▸ **Exercise directions**:
Each line below should be retyped exactly, with no pictures.

· · · · · · ·

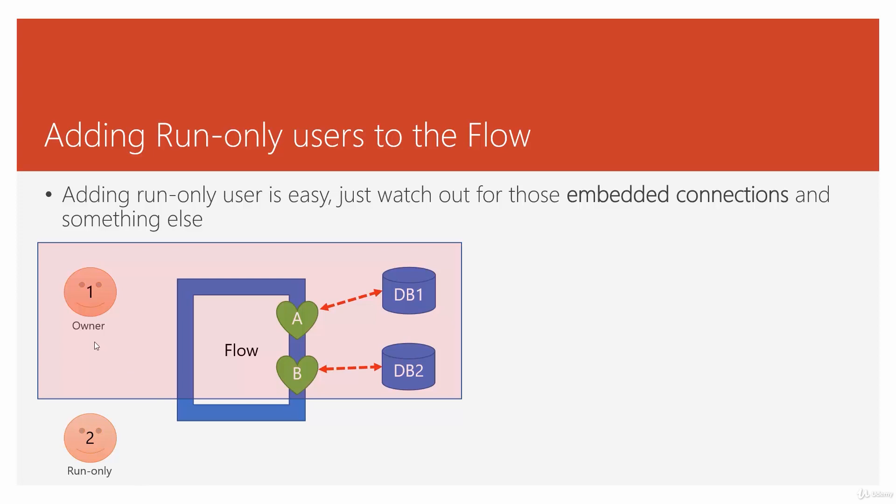So when I add another user like user2 as run-only user, it means I can configure the flow in a way that I say, either let this user use these connections and get access to these resources through these connections. So basically, this user can run this flow and can use the privileges of these internal connections to external resources. Or I can say, no, I'm not going to let you use my privileges. I can only let you run the flow. But for all the connections, you have to provide your own credentials.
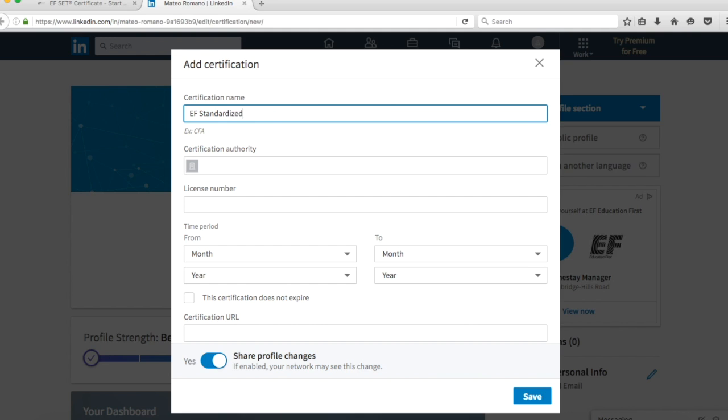Enter certificate name as EF Standardized English Test, followed by the details on your test results page, including your noted English level, the test name, for example, EFset Certificate or EFset Certificate Plus, and your personal score, which will be shown as out of 100.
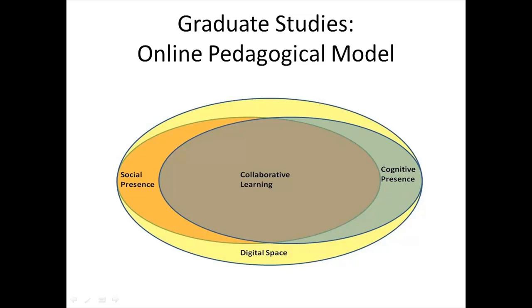Digital space, then, is defined or described as providing systems, structures, and processes that facilitate ubiquitous learning. The digital space also provides technological support and affordances for the development of tools and environments to enhance critical thinking, higher-order learning, and diverse communications.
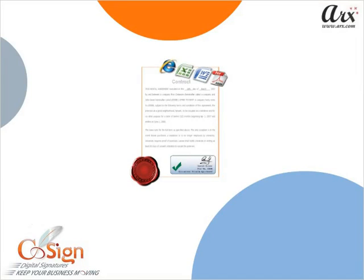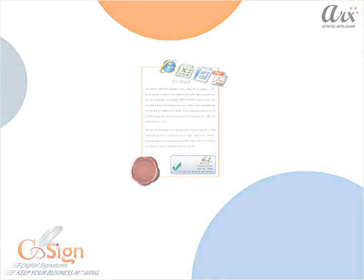CoSign keeps your business moving and makes it easy for business to be done electronically from anywhere. Thank you for watching the demo.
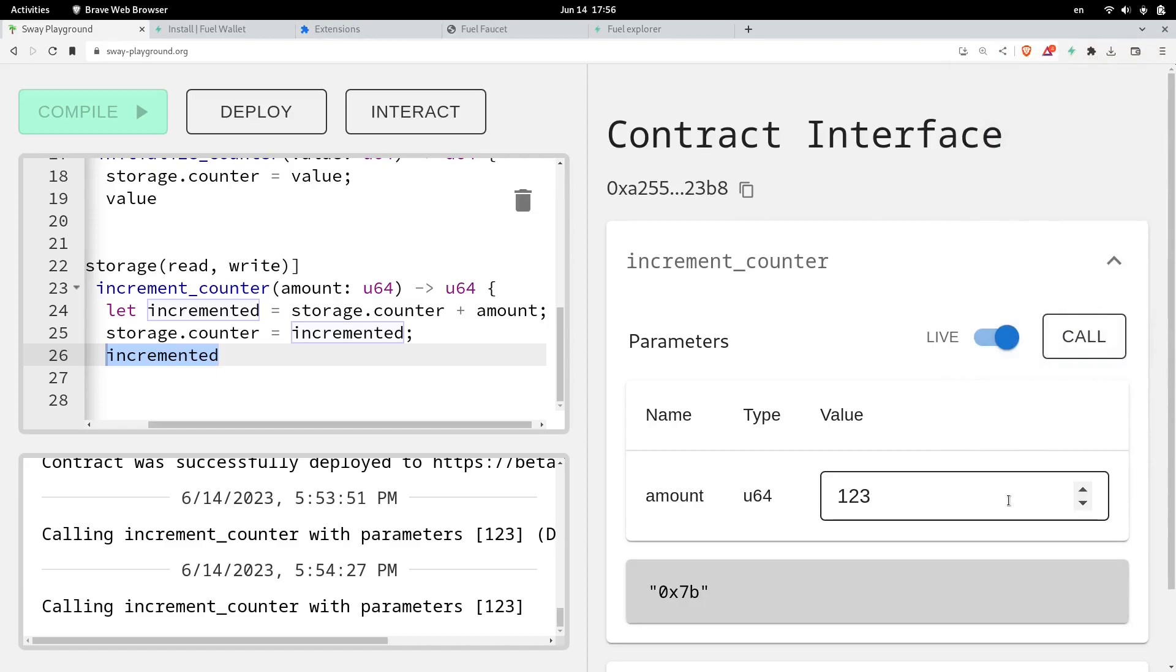And our transaction was successful. Let's check our transaction using the block explorer.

· · · · · · ·

▸ **Exercise answer**:
So when I add another user like user2 as run-only user, it means I can configure the flow in a way that I say, either let this user use these connections and get access to these resources through these connections. So basically, this user can run this flow and can use the privileges of these internal connections to external resources. Or I can say, no, I'm not going to let you use my privileges. I can only let you run the flow. But for all the connections, you have to provide your own credentials.
Enter certificate name as EF Standardized English Test, followed by the details on your test results page, including your noted English level, the test name, for example, EFset Certificate or EFset Certificate Plus, and your personal score, which will be shown as out of 100.
Digital space, then, is defined or described as providing systems, structures, and processes that facilitate ubiquitous learning. The digital space also provides technological support and affordances for the development of tools and environments to enhance critical thinking, higher-order learning, and diverse communications.
CoSign keeps your business moving and makes it easy for business to be done electronically from anywhere. Thank you for watching the demo.
And our transaction was successful. Let's check our transaction using the block explorer.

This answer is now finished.